Start of Block

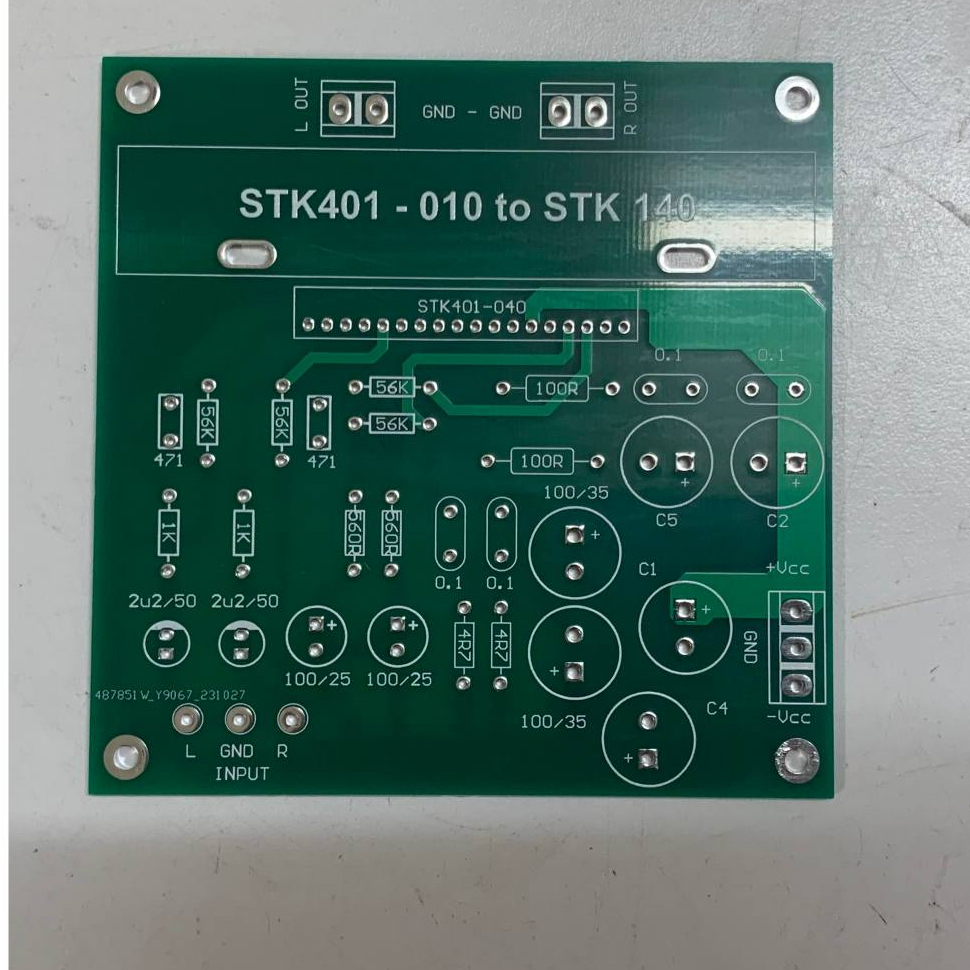 Mạch khuếch đại âm thanh STK401 -xxx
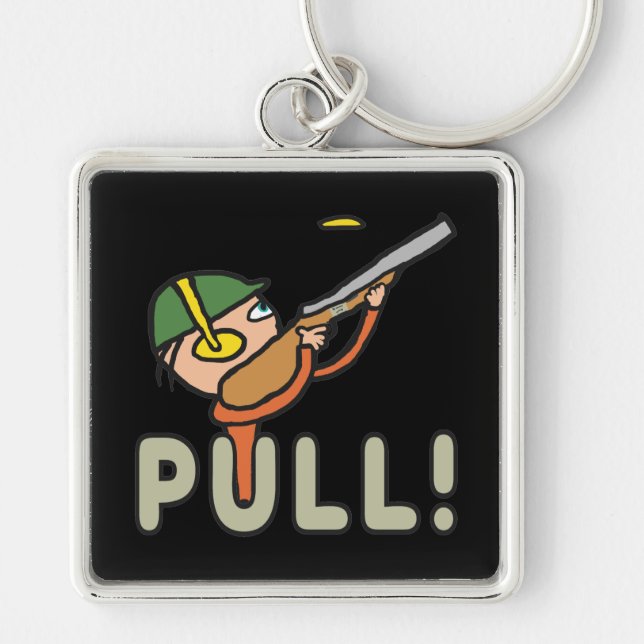 Chaveiro Captura de Armário de Pombo Clay (Frente)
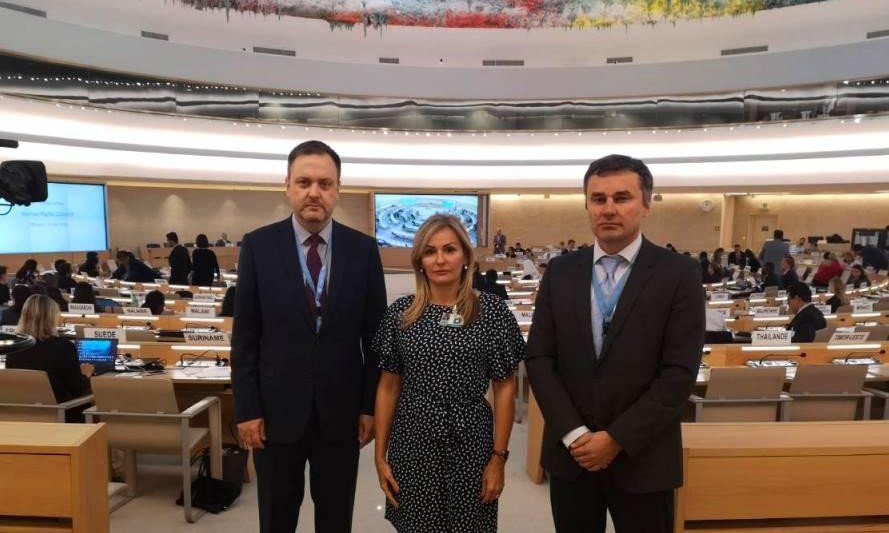 PAUNOVIĆ: Savet za ljudska prava UN usvojio izveštaj za Srbiju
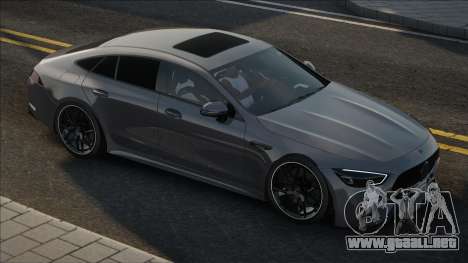 Mercedes-Benz GT63S Silver para GTA San Andreas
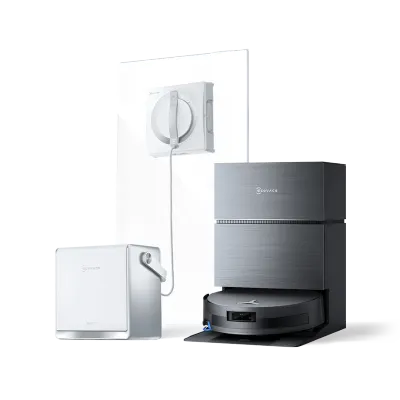 DEEBOT X11 PRO OMNI & WINBOT W2 PRO OMNI Bundle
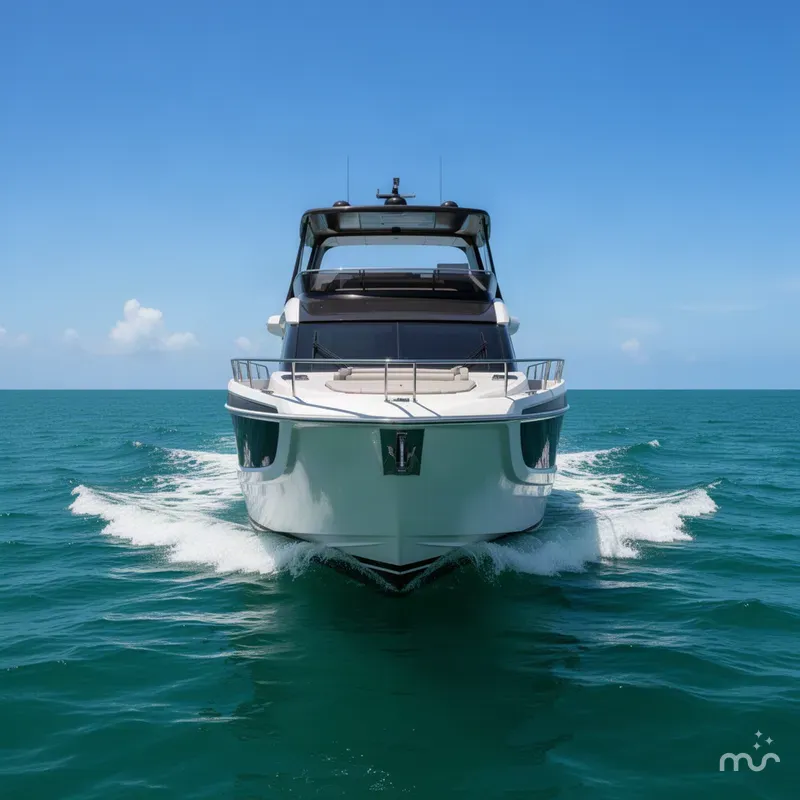 Slide: The Image of Galeon 560 Fly 2025 - 3
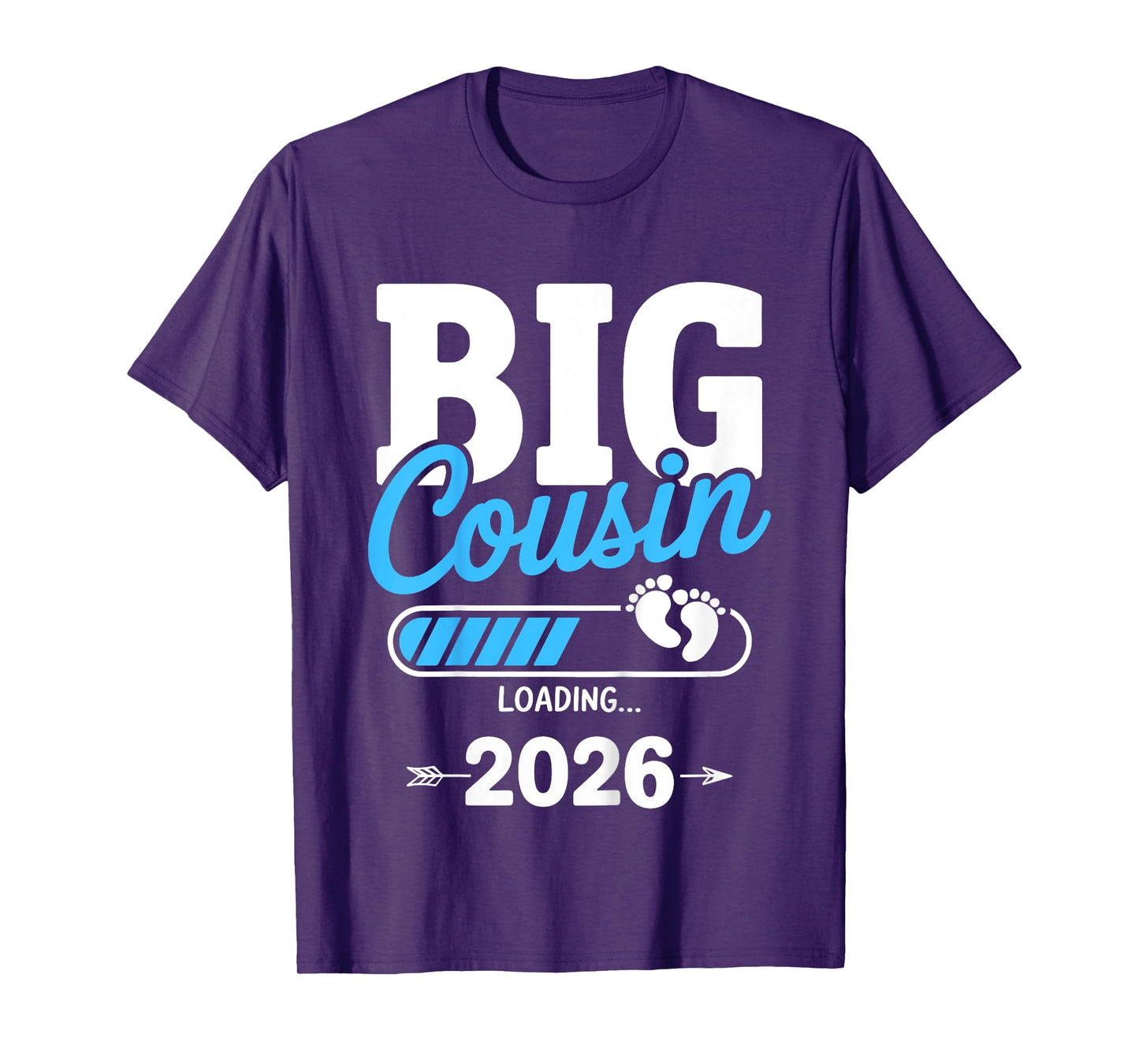 Kids Big Cousin Loading 2026 T-Shirt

End of Block

• _WHAT THE TASK REQUIRES_: Only an exact copy of the records, free of images, belongs in the answer.

• _ANSWER AREA_:
 Mạch khuếch đại âm thanh STK401 -xxx
 Chaveiro Captura de Armário de Pombo Clay (Frente)
 PAUNOVIĆ: Savet za ljudska prava UN usvojio izveštaj za Srbiju
 Mercedes-Benz GT63S Silver para GTA San Andreas
 DEEBOT X11 PRO OMNI & WINBOT W2 PRO OMNI Bundle
 Slide: The Image of Galeon 560 Fly 2025 - 3
 Kids Big Cousin Loading 2026 T-Shirt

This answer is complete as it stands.